Solamente la caballería le había proporcionado tan hermosa vida, cuyo fin se acercaba rápidamente. Y aquellos bravos que la patria había puesto en sus manos, y que jamás miraron atrás.

Juntos habían emprendido mil empresas que eran otras tantas hazañas. Había visto caer a muchos a la vera del camino, siempre alegres, sonrientes, sin proferir jamás una queja.

Era el espíritu heroico de la caballería inmortal, que vislumbraba sus glorias entre aquellos bravos jóvenes que no pasaban de los veinte años. ¡Era la edad feliz en la romántica vida del soldado de caballería!

De pronto, percibió entre sombras aquel combate. Había sido sorprendido con su escuadrón por un enemigo superior. Huir, no existía en el código del honor. Atacar, era morir. Pero morir con gloria era realmente vivir.

¡Que importaba entonces la vida, si podía cruzar los aceros, o lanzarse en la impetuosa carrera palpitando jinete y caballo; al compás de una misma emoción!

Allí donde estaba el peligro, allí estaba él con sus valientes…

La suerte había sido esquiva esa vez. Rodeado por todas partes, había luchado como león. Un sable enemigo describiendo extraña parábola, le cayó de plano en el pecho. Ya no vio más. Sus ojos se cerraron y perdió el conocimiento.

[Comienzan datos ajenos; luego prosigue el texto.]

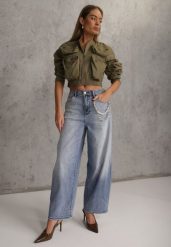 Niebieskie Szerokie Jeansy High Waist z Łańcuchem Kassania. Niebieskie jeansy Renee, l, z aplikacjami, z jeansu, z podwyższonym stanem. Za 119.99 zł.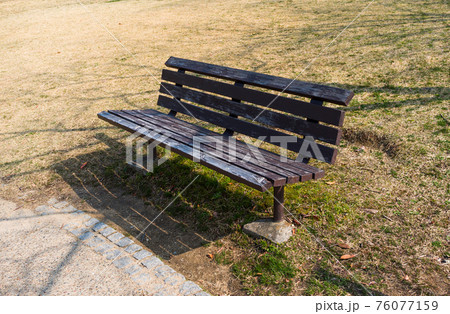 公園のベンチ 76077159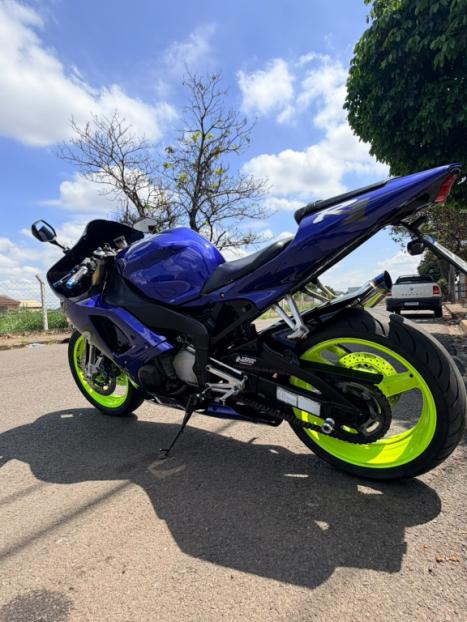YAMAHA R 15 , Foto 9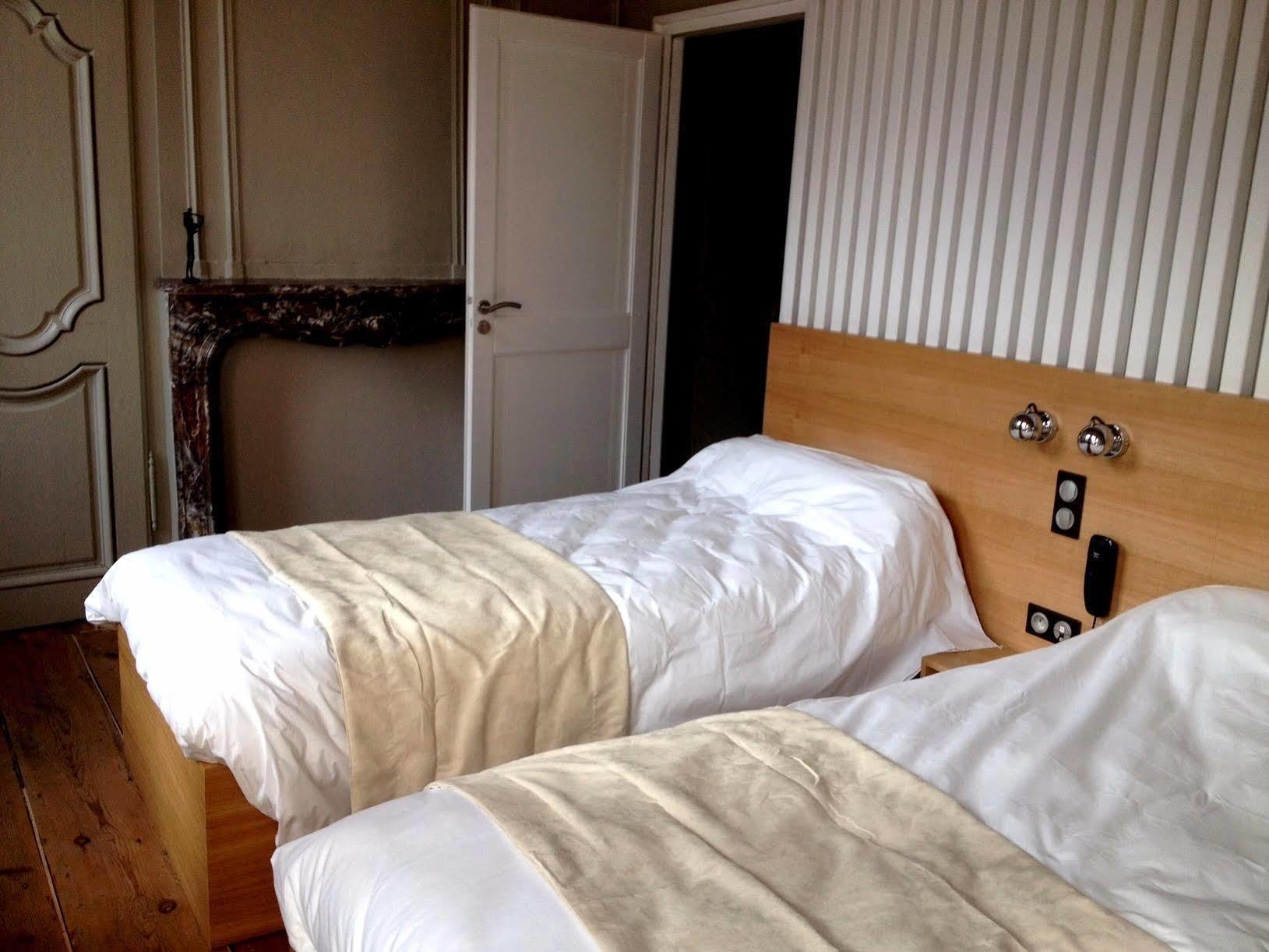 Hotel - Restaurant Au Tonnelier Bergues Kültér fotó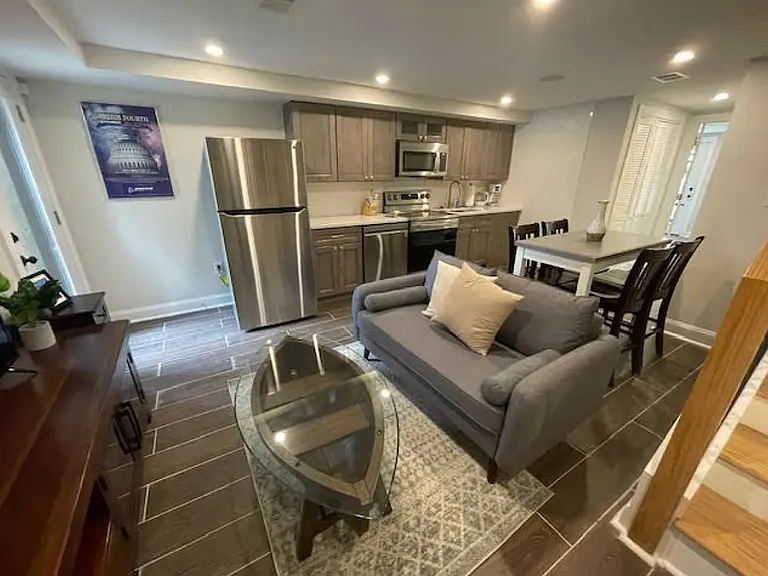 331 W St NE #BASEMENT — Photo 11
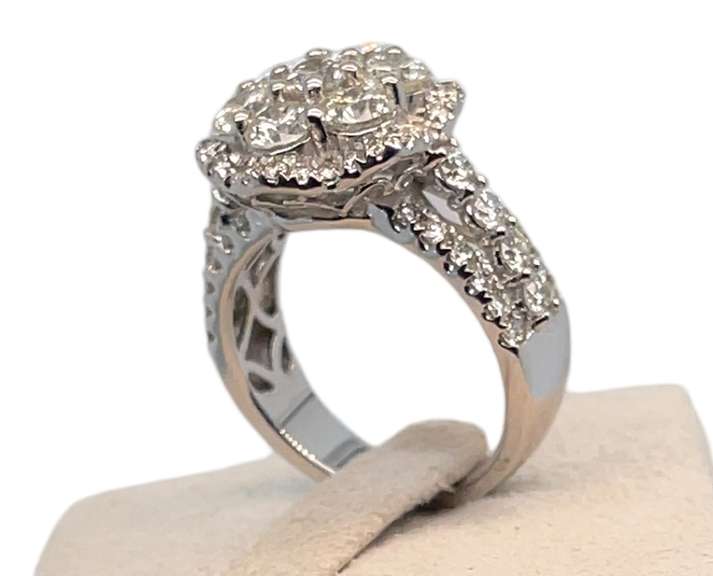 14K WHITE GOLD ENGAGEMENT RING WITH DIAMONDS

Su hermosa yegua “Lizeanne”, le contaron luego, en su lecho, lanzó terrible relincho al sentir al amo herido. Y como si todo lo hubiera comprendido, se alejó del lugar a todo galope con su inerme carga.

Sintió que sus últimas fuerzas lo abandonaban. Vio la muerte muy de cerca, ya sobre su cabeza. Y en visible esfuerzo levantó la mirada hacia su asistente que comprendió aquel ruego, aquella orden.

Entre los hombres de caballería no se necesitaba hablar. El amor al arma es tan intenso, viene tan del alma, se siente y se vive en uno y en todos con el mismo misticismo.

Aquella mirada era el postrer adiós a las cosas más queridas. De pronto, se oyó en el umbral de la puerta ruido de cascos, y asomó la yegua, su fina y estilizada cabeza del diestro del asistente. Sus orejas se pararon en la actitud característica del pura sangre. Había notado un peligro oculto. Tal vez comprendía que la muerte le rondaba muy cerca.

La acercaron al amo. Este, en esfuerzo final, levantó la temblorosa mano y acarició aquella frente, suave y sedosa, tal como lo había hecho siempre. En los torneos, cacerías, en justas, en la guerra, siempre antes de montar, pasaba la mano por la hermosa cabeza. Solamente ahora emprendería un viaje muy largo, sin retorno.

La mano del soldado resbaló de golpe para no lanzarse más. Había sido la última caricia.